14. The method of any of clauses 10-13, further comprising predicting, with the machine learning prediction model, an overlay signal based on the output substrate geometry.
15. The method of any of clauses 10-13, further comprising predicting, with the machine learning prediction model, an alignment signal based on the output substrate geometry.
16. The method of any of clauses 10-15, wherein the machine learning prediction model comprises a neural network.
17. The method of any of clauses 10-16, wherein the geometry information comprises one or more dimensions of a target or mark design for one or more layers of a semiconductor device.
18. The method of any of clauses 10-17, wherein the manufacturing process information comprises one or more parameters for one or more manufacturing processes performed on one or more layers of a semiconductor device.
19. The method of any of clauses 10-18, further comprising training the machine learning prediction model with training information that describes geometry, pattern, and manufacturing process parameters for training substrates, and corresponding physical substrate measurements and/or predictions from a different non machine learning prediction model.
20. A method for monitoring performance of a manufacturing process, the method comprising:
receiving one or more input signals that convey information related to geometry of a substrate generated by the manufacturing process; and
determining, with a prediction model, variation in the manufacturing process based on the one or more input signals.
21. The method of clause 20, wherein the substrate is associated with a semiconductor device, and the manufacturing process comprises a semiconductor device manufacturing process.
22. The method of clause 21, further comprising determining an adjustment for a semiconductor device manufacturing apparatus based on the variation in the manufacturing process.
23. The method of any of clauses 21-22, wherein the receiving and the determining are performed in real time or near real time during the semiconductor device manufacturing process.
24. The method of any of clauses 20-23, wherein the one or more input signals comprise an overlay signal.
25. The method of any of clauses 20-24, wherein the one or more input signals comprise an alignment signal.
26. The method of any of clauses 20-25, wherein the variation in the manufacturing process comprises one or more of variation in processing parameters of the manufacturing process, variation in material properties of one or more materials used in the manufacturing process, or variation in optical properties of the one or more materials.
27. The method of any of clauses 18-26, wherein the prediction model comprises a machine learning model.
28. The method of any of clauses 18-27, wherein the prediction model comprises a neural network.
29. The method of any of clauses 18-28, wherein the substrate comprises a stack associated with a semiconductor device.
30. The method of any of clauses 18-29, further comprising training the prediction model based on known perturbations in the manufacturing process.
31. A computer program product comprising a non-transitory computer readable medium having instructions recorded thereon, the instructions when executed by a computer implementing the method of any of clauses 1-30 above.
While the concepts disclosed herein may be used for wafer manufacturing on a substrate such as a silicon wafer, it shall be understood that the disclosed concepts may be used with any type of manufacturing system, e.g., those used for manufacturing on substrates other than silicon wafers.
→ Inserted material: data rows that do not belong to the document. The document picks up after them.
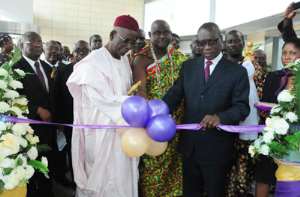 Alhaji Adamu Iddrisu and Dr K.K. Sarpong cutting the tape to launch The Royal Bank in 2012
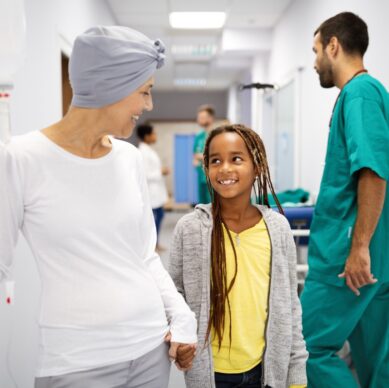 Sick senior woman with cancer hugging her young grandchild in hospital. Family support concept.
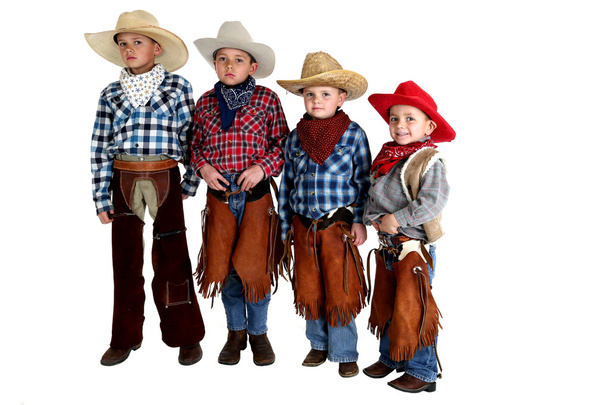 four cowboy brothers standing wearing hats and chaps - Foto, Bild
In addition, the combination and sub-combinations of disclosed elements may comprise separate embodiments. For example, the method for predicting process variation and the method for tuning may comprise separate embodiments, and/or these methods may be used together in the same embodiment.
The descriptions above are intended to be illustrative, not limiting. Thus, it will be apparent to one skilled in the art that modifications may be made as described without departing from the scope of the claims set out below.

Claims

1. A method of predicting substrate geometry associated with a semiconductor manufacturing process, the method comprising:

receiving input information including geometry information and manufacturing process information for a substrate; and

predicting, using a machine learning prediction model, output substrate geometry based on the input information, wherein the substrate comprises a stack.

2. (canceled)

3. The method of claim 1, further comprising tuning the predicted output substrate geometry based on the predicting, the tuning comprising:

comparing the output substrate geometry to corresponding physical substrate measurements and/or predictions from a non-machine learning prediction model; and

generating a loss function based on the comparison; and

optimizing the loss function.

4. The method of claim 3, wherein the tuning comprises stack tuning, wherein:

stack tuning inputs comprise (1) a signal associated with a measurement from a corresponding physical stack, (2) the geometry information, the geometry information including nominal geometry of the physical stack, and (3) the manufacturing process information, and

a stack tuning output comprises the output substrate geometry.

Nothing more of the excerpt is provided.